Stieg Larsson’s tale is rightfully on the bestseller list. I doubt anyone reading this has not heard of “The Girl With The Dragon Tattoo,” either the book or the movie. This is the first in “The Millennium Trilogy”, but what I like to call the Lisbeth Salander series. Larsson’s meticulously plotted first book is intriguing in both the characters and situations created.
The effort Larsson put into this book shows what someone can do who has a story to tell. Each character in “…Tattoo” leaps from the pages to take on a life after the reader has finished the last chapter. I would like to read through this book again academically to see just how the plot fits into the standard plot structures.
Lisbeth Salander and Mikael Blomkvist share the stage as protagonists. Each one has their own subplot to the main story which brings the two of them together. A wealthy businessman, Henrik Vanger, whose time on the world stage is waning brings Blomkvist to the far north of Sweden to investigate his niece’s disappearance forty years prior. Blomkvist then brings Salander in as an expert researcher to aid him.
The main hindrance to Blomkvist’s investigation is the rest of the Vanger clan and time itself. So many are the family that Larsson includes a brief family tree at the beginning of the book. Some of the Vanger family are friendly enough toward Blomkvist and his efforts to uncover the fate of Henrik’s niece, while others are openly hostile.
Larsson’s descriptions are rich and vivid. At the risk of sounding cliché, he paints pictures with words allowing even those unfamiliar with Swedish cities or society to step into their story. As a highlight to Larsson’s storytelling, he had a gift with dialogue. Each character’s words take on their own voice in your head as you read. For me, I could hear the individual voices each character would have. I say this having not seen the movie to help my imagination.
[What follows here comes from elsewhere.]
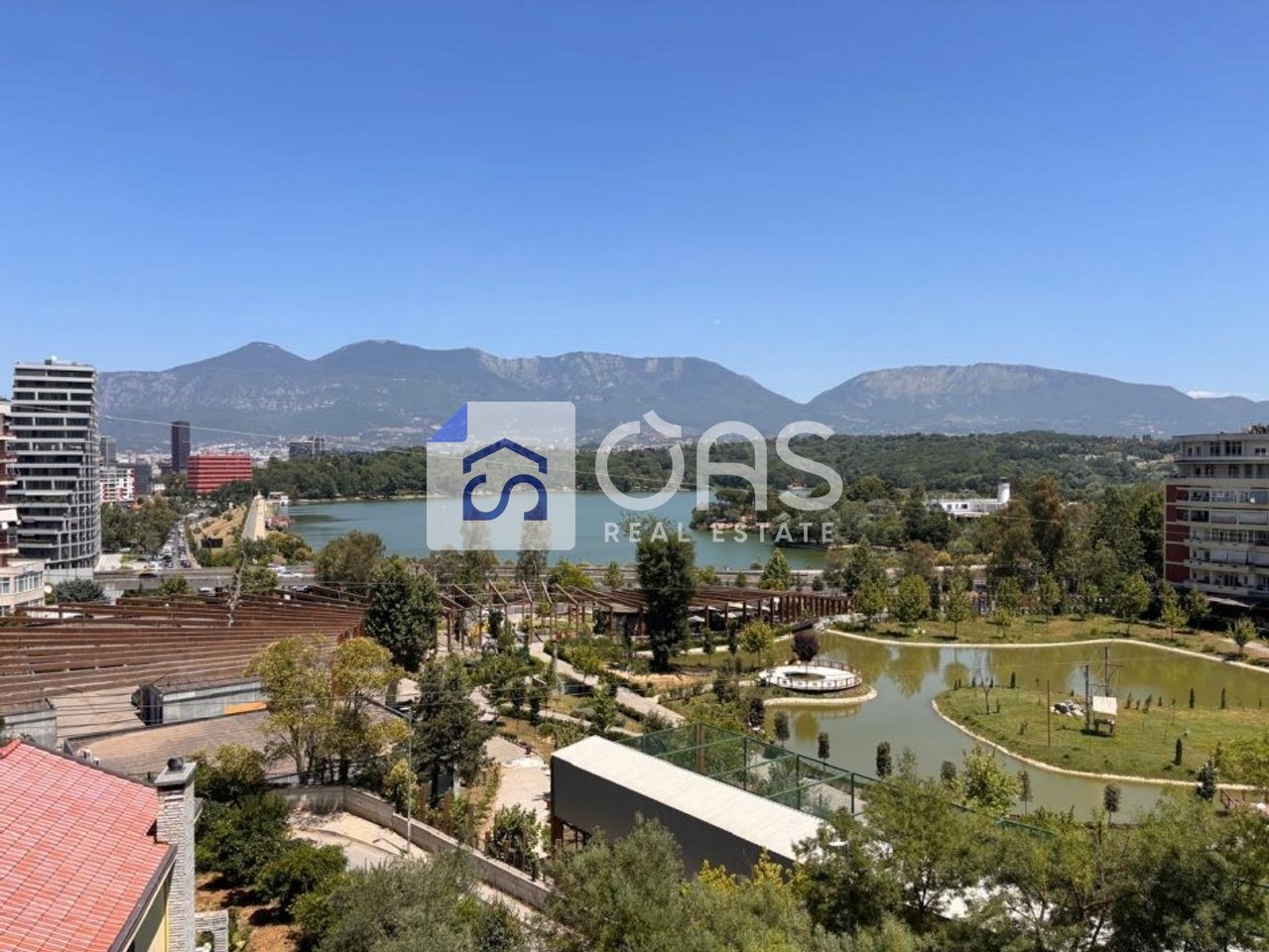 Apartament 3+1 Me Qira në Kopshtin Botanik Zoologjik, Tiranë - 1800€ | 138 m²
I have debated picking up the next two books in the series partially because I know Larsson passed in 2004 and will not be producing any more stories such as this. But, also because I feel that I got to know the characters in this book and do not wish to see them embroiled in any further conflict. In the end, I wholeheartedly recommend this book. I normally rate books on my 1 to 5 flag scale, but this one, I’m going to go a step beyond and give it six. Go read this book.